I’ll explain my code:

profilesum = np.sum(threshold_img, axis=0)
# weighted sum, calculates the "center of mass" for every column
profile = np.sum(threshold_img * gy, axis=0) / profilesum

we are calculating a weighted sum or weighted average. the goal is to figure out the “center of mass” of the pixels for every column.

threshold_img is the image.

np.sum along axis 0 means every column is collapsed into the sum of its values. you get a row vector that contains something proportional to the number of pixels in every column of the image. it would be exactly the number of pixels if the pixel values were 0 or 1, but they’re 0 and 255, so you get a weight of 255 in almost everything. I’m trying to explain this as simply as possible, so I will only explain this for binary images.

gy merely gives us the y-coordinate for every pixel. gx is not used. I only gave it a name because it is part of the data returned from np.mgrid

threshold_img * gy leaves in every pixel either that coordinate or 0.

if we want the average y coordinate of those pixels, we have to divide the sum by the number of pixels. that’s what the whole expression does.

you have already proposed a small test picture to investigate. now look at the values inside of all the arrays.

Going back to the problem (which isn’t very well defined as I play with OpenCV rather when solving the real problem).

Let assume that on every image I have only one line, the line can be only vertical or horizontal, the crack on the line can be either perpendicular or at an angle (different than 90 degrees which I understand as perpendicular). Resuming we can have 4 situations:

horizontal line, perpendicular crack (as in the image that we already discussed)

horizontal line, crack at angle 0-180

vertical line, perpendicular crack (as in the image that we already discussed)

vertical line, crack at angle 0-180

In the case of the vertical and horizontal lines, one should create a “profile” base on rows instead of columns. We can reduce the problem to two cases: perpendicular crack and crack at angle 0-180, the first one is well examined.

How to get the angle of crack and “point of crack” if it isn’t perpendicular to the line?

I attached the image horizontal line with crack at angle about 45 degrees.

too little data to estimate the angle of the break. I see you have full resolution data. do post that instead of low resolution versions.

next you might tell me that the laser line can move across the scene? I hate to guess.

why is the angle of the break even interesting? don’t say that someone just wants to know. that’s no motivation.

I expected an explanation that includes perhaps a picture of the scene that is not in darkness (and a picture that is not from the camera that does the “measuring”, i.e. a view from the outside), or a claim that the camera is fixed (relative to the scene) and the laser line moves. I’m looking through a keyhole here. it’s frustrating.

you need more data. and I can’t speculate on how to get it because I’m literally tapping in the dark.
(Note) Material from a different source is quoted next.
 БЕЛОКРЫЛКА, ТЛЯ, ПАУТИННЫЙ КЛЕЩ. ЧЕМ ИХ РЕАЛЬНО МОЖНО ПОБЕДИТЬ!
What I send is just a crop from the whole image, there is no more data. Rest of the image almost black.

Theoretically, it can move but during taking the picture it stays in one place. Why it is important?
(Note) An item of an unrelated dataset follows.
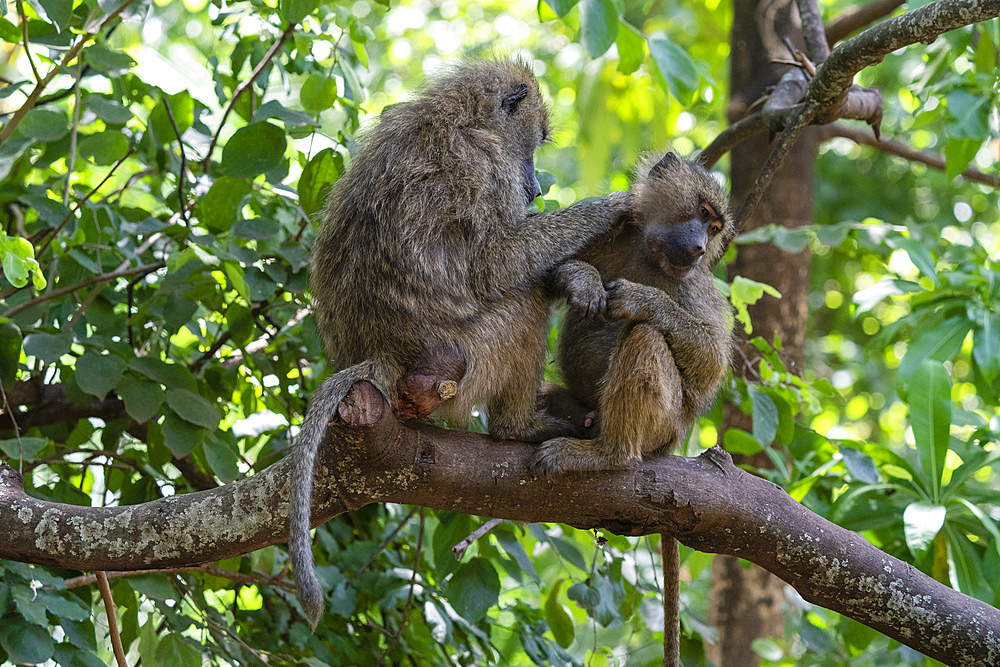 Olive baboon (Papio anubis) grooming, Lake Manyara National Park, Tanzania, East Africa, Africa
I try to know how much information about the position of a flat object (plywood rectangle) I can get only from image analysis. Depends on the result I will use it in my project in which I use laser light to mark positions on a stage or not.

The camera is fixed relative to the scene, the laser lines are also fixed (but can be moved, but we can assume that there are horizontal and vertical lines). I send a picture on Wednesday.

based on the latest picture, I guess an angle could be estimated somehow, very approximately. the laser line is very narrow. there isn’t much to work with. I’m gonna leave it at that. I’ll be more reserved from now on.

there is very little data in that picture and I think it’s not enough to answer questions like “what’s the orientation of the break”. I think it’s somewhat doable but the result will be guesswork and I suspect the task is made needlessly difficult by the poor picture quality and your other stated constraints, for which there was no justification given.

if you want to test the limits of feasibility, that’s a challenge you give yourself.